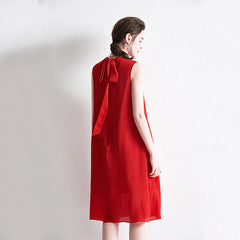 Red A-Line Sleeveless Silk Dress with Ruffle Neck and Back Bow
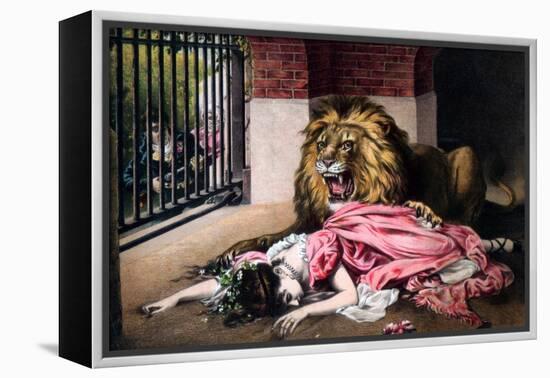 Caged Lion with Sleeping Woman, C19th Century-null-Framed Premier Image Canvas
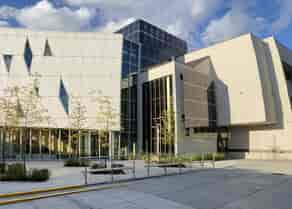 LSX Solar Panels create a vertical array on the outside of the building at Okanagan College BC.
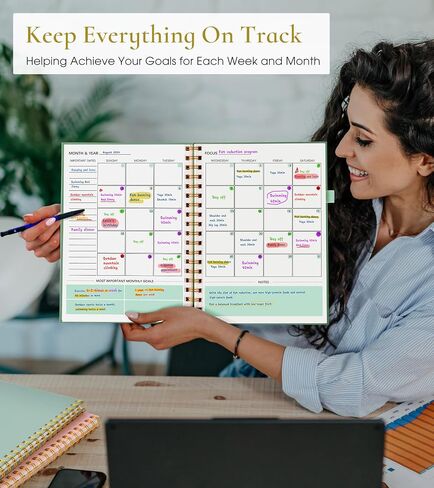 Undated Weekly and Monthly Planner, B5 Large Weekly To Do List Notebook with Goal & Habit Tracker Organizer, Hardcover Spiral Bound Blank Weekly Monthly Planner for Work School Home 7.4" x 9.64" Green in Kuwait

┄┄┄┄┄┄┄┄┄┄

What needs to be done: In the copy, include no pictures; restate the listing above exactly.

Task result:
 Red A-Line Sleeveless Silk Dress with Ruffle Neck and Back Bow
 Caged Lion with Sleeping Woman, C19th Century-null-Framed Premier Image Canvas
 LSX Solar Panels create a vertical array on the outside of the building at Okanagan College BC.
 Undated Weekly and Monthly Planner, B5 Large Weekly To Do List Notebook with Goal & Habit Tracker Organizer, Hardcover Spiral Bound Blank Weekly Monthly Planner for Work School Home 7.4" x 9.64" Green in Kuwait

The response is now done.